I only do demos sponsored by the club.  I also don't turn straight slimlines when doing a demo.  I talk to people while turning about the different choices you have in kits, woods, non-wood materials, tools, shapes, and finishes to create (not make) a pen.  Coupled with the fact that I am just not that aggressive in my cuts it draws the timeframe out a bit.
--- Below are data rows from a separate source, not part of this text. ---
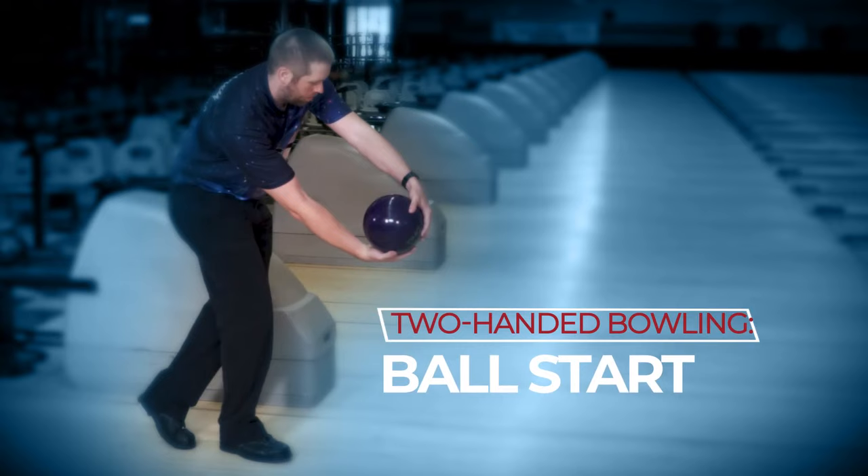Hi, Scott Pohl here, three-time USBC Eagle winner. We're looking at the two-handed bowling game — in particular, we're going to take a look at the ball start, or how that ball gets into motion. We're going to show you lots of different ways, so let's take a look at different ways of starting the ball.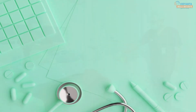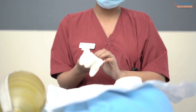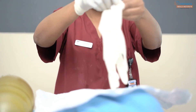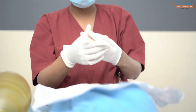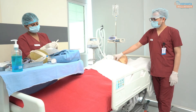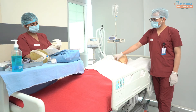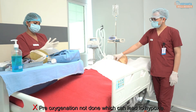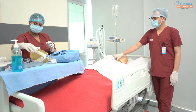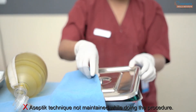Common errors: 1. Improper donning of sterile gloves leading to risk of infection. 2. Pre-oxygenation not done, which can lead to hypoxia. 3. Aseptic technique not maintained while performing the procedure.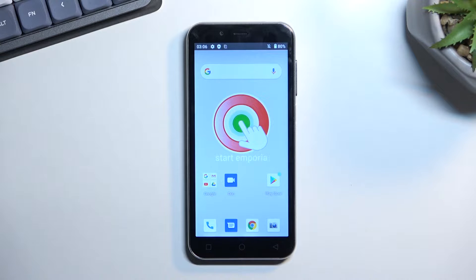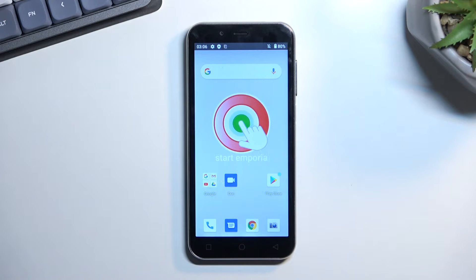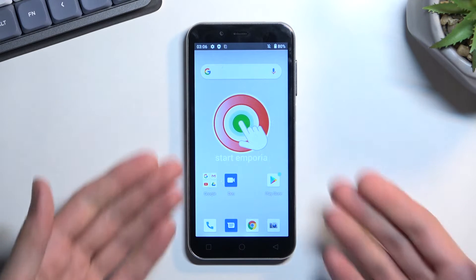Welcome. This is the Emporia Smart 0.4 and today I'll show you how you can capture a screenshot on this phone. To get started, you'll want to open up content that you wish to capture. I'll be using the home screen as an example, which is already open.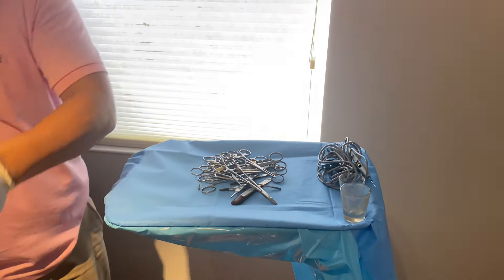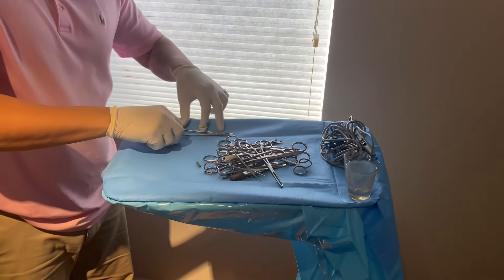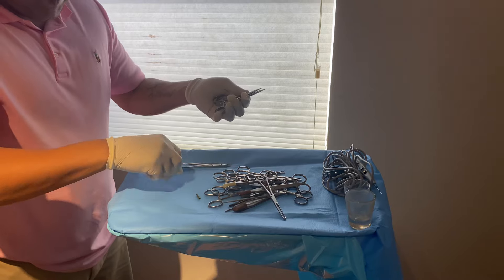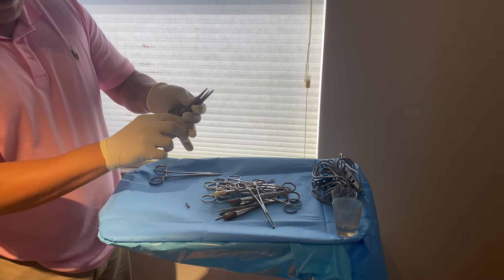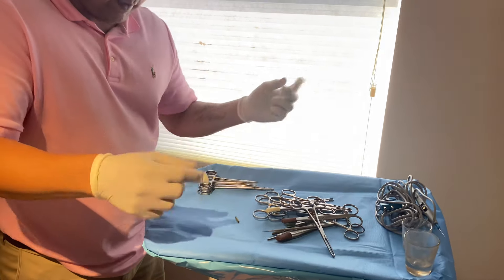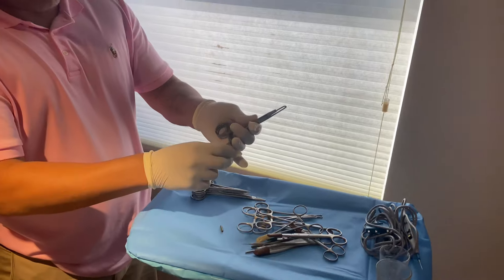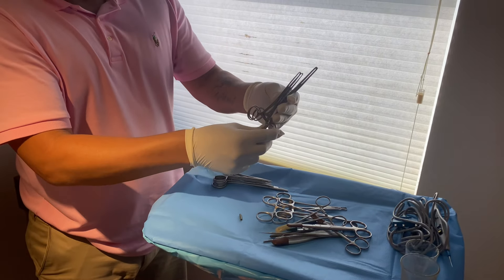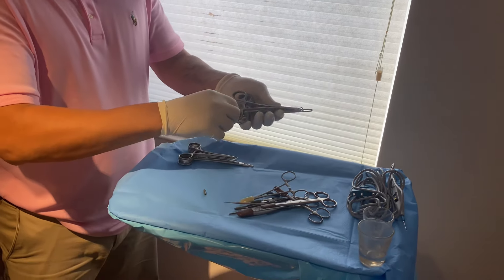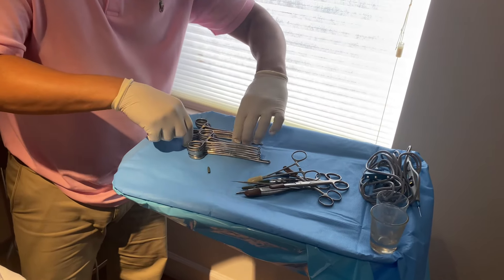I'll lay the instruments on the sterile towel and fold it in to cover the tray when I'm done. You have five hemostats — one large one, three fine-tip, and then one extra that Dr. Stein will use. I always arrange them like this, but everybody has their own preference. Then you have these instruments — you'll have three of these. Dr. Stein tends to add instruments rather than remove them. And you will always have four ring clamps.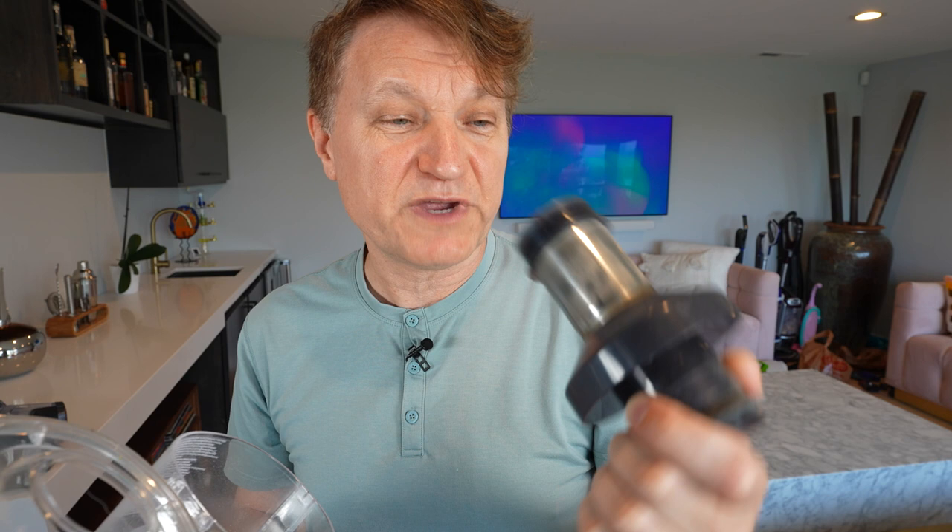To clean the Tineco's filter, it's pretty simple — you just pop this thing out, and you run it under tap water. You should do this about every 30 days or so to make sure you're having optimal performance. This also has something called iLoop technology, which I'll demonstrate in just a second. It is really cool and really helpful.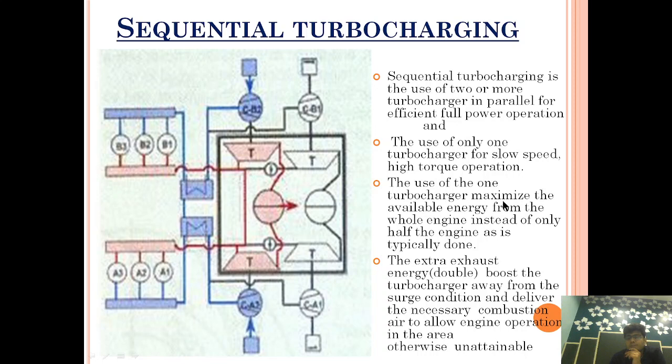Using one turbocharger maximizes the available energy from the whole engine instead of only half, as is typically done. In conventional setups with turbochargers in series, energy is distributed in half to each. But in sequential turbocharging, turbochargers are arranged in parallel, so energy is not split — it can be concentrated into the remaining active turbocharger.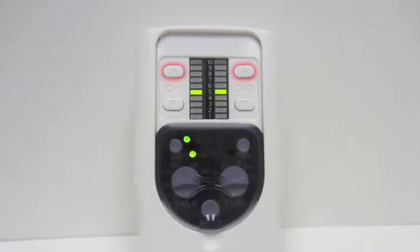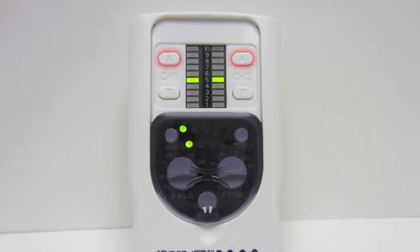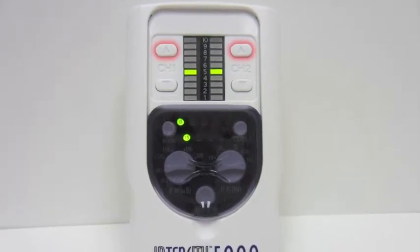Then slide the safety cover down until it locks. This will prevent you from accidentally changing the intensity throughout the course of the treatment. Select the up arrow until you start to feel stimulation, then set it to a comfortable level. Leave it on throughout the course of the treatment, and when you are finished, slide the cover back up and turn the unit off. We want to thank you for coming to Medical Products Online.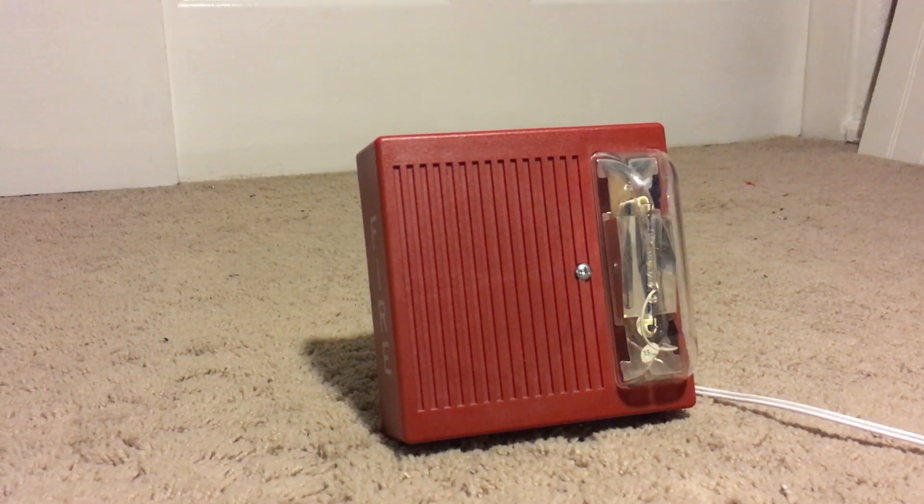We're going to begin. This is set on continuous, medium volume, and then I'll change it to high. Three, two, one.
And yes I do have people stick around to watch the application of friction finishes, buffing, and assembly.  The key is to keep talking and keep them involved in wanting to see the finished product.  Usually there are, at least, two other turners there working on bowls and other turning as well.  What is fun is when a couple of us are making pens with the same kits and wood so people can see the what the turner puts into it (my first instructor usually turns pens with me and he doesn't do strict slimlines either. Additionally he turns almost totally with gouges and I turn almost totally with a skew.)


----------



## melogic (Jan 11, 2005)

I have turned at a couple of shows, and you would be surprised at how long people will stand around to see exactly how this item was made. I generally have some scrap blanks set up in stages from blank to drilled to ready to turn. Then while at the show I turn what is already prepered. I have my wife and daughter with me, this makes it easier. I have turned toothpick key chains at shows and have had people stand from start to finish to buy the key chain they watched me turn, not interested in the other 20 or so already turned and on display. A lot of times shows will waive the booth fee or at least give a discount for doing demonstrations.


----------